Materials for Design 2 by Victoria Ballard Bell and Patrick Rand, published by Princeton Architectural Press, 2014. Paperback, 272 pages. (Amazon)



Materials for Design was one of my favorite books I reviewed in 2007 (the book was published in 2006). In it, sixty case studies in five chapters (glass, concrete, wood, metals, and plastics) aim at strengthening the integral relationship between materials and design for students of architecture. The sequel, again penned by Bell and Rand, takes basically the same approach, adding masonry as a sixth chapter, but otherwise staying with the same format (and even the same tally of projects) that made the first book so good, all the while improving upon the few deficiencies of the first book (for me, that was mainly the inconsistent nature of the detail drawings).
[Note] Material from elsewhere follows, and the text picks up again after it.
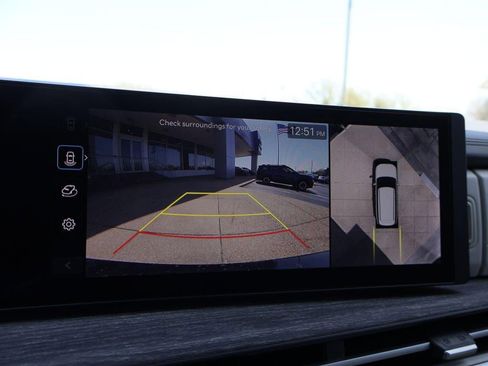 New 2026 Hyundai Santa Fe Calligraphy image 37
The focus is still on educating students (some of the content came actually from a graduate seminar Rand taught at NC State University), but this time there is an awareness of the increasing popularity of design/build programs in American architectural schools as well as those abroad. There are Rural Studio, Studio 804, and design/buildLAB, to name just a few. But Studio 804 out of Lawrence, Kansas, is the only design/build program with a project in Materials for Design 2. This is too bad, not only considering the explicit reference to such programs in the book, but also because these academic programs are often laboratories for experimenting with materials. Think of early Rural Studio, such as the chapel made from car windshields, or almost any recent Solar Decathlon project, and material innovation is somewhere to be found.
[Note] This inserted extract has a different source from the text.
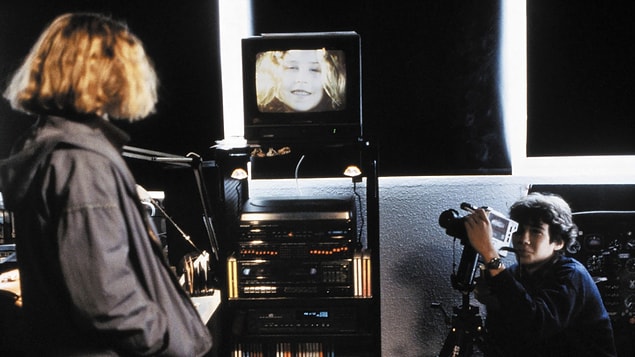 2. Benny'nin Videosu (1992) Benny's Video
The projects vary greatly in terms of geography, appearance, and how they creatively use their respective materials. The main consistency is a scale, as all of the buildings are quite small: ranging from a one-room pavilion in Basel to a seven-story office building in Copenhagen. This points to the fact small buildings offer room for experimentation with materials, since their scale does not require as great an investment as, say, a skyscraper, stadium or airport. Further, a number of the projects are temporary structures (making the Solar Decathlon omission glaring) – Thomas Heatherwick's UK Pavilion at the 2010 World Expo in Shanghai and the Italian Pavilion by Iodice Architetti at the same Expo, to name a couple – which signals the innovation opportunities that expos and other exhibitions allow.
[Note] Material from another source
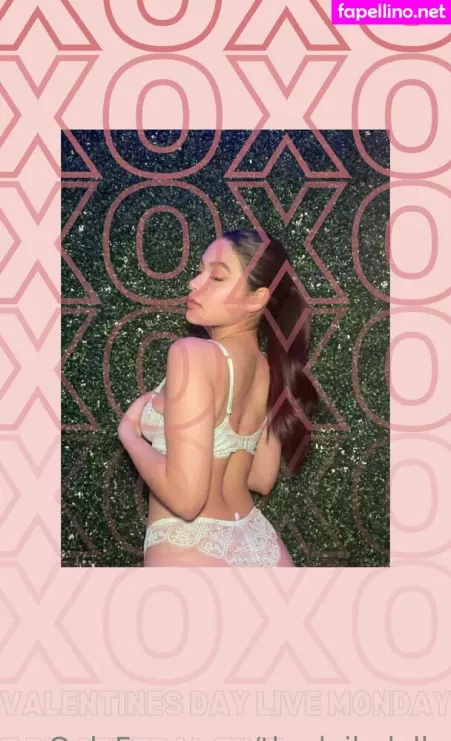Thedailydolly OnlyFans Thumbnail #twPVRjFQsa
The most welcome change from the first book is the addition of masonry as one of the material chapters. This is apparent even before opening the book, given how the glazed ceramic rods of Sauerbruch Hutton's Brandhorst Museum in Munich graces the cover. There are also traditional applications of brick as load-bearing walls, but this chapter alone shows the innovation that can happen in the make-up of the materials, how they are combined, and what sort of architecture they create. Not surprisingly, I lean toward the porous masonry walls of Anagram's South Asian Human Rights Documentation Center, Arturo Franco's Warehouse 8B Conversion, and Archi-Union's J-Office + Silk Wall. While one of the oldest materials, the contemporary uses of masonry show its design possibilities, like the materials in the rest of the book, are hardly exhausted.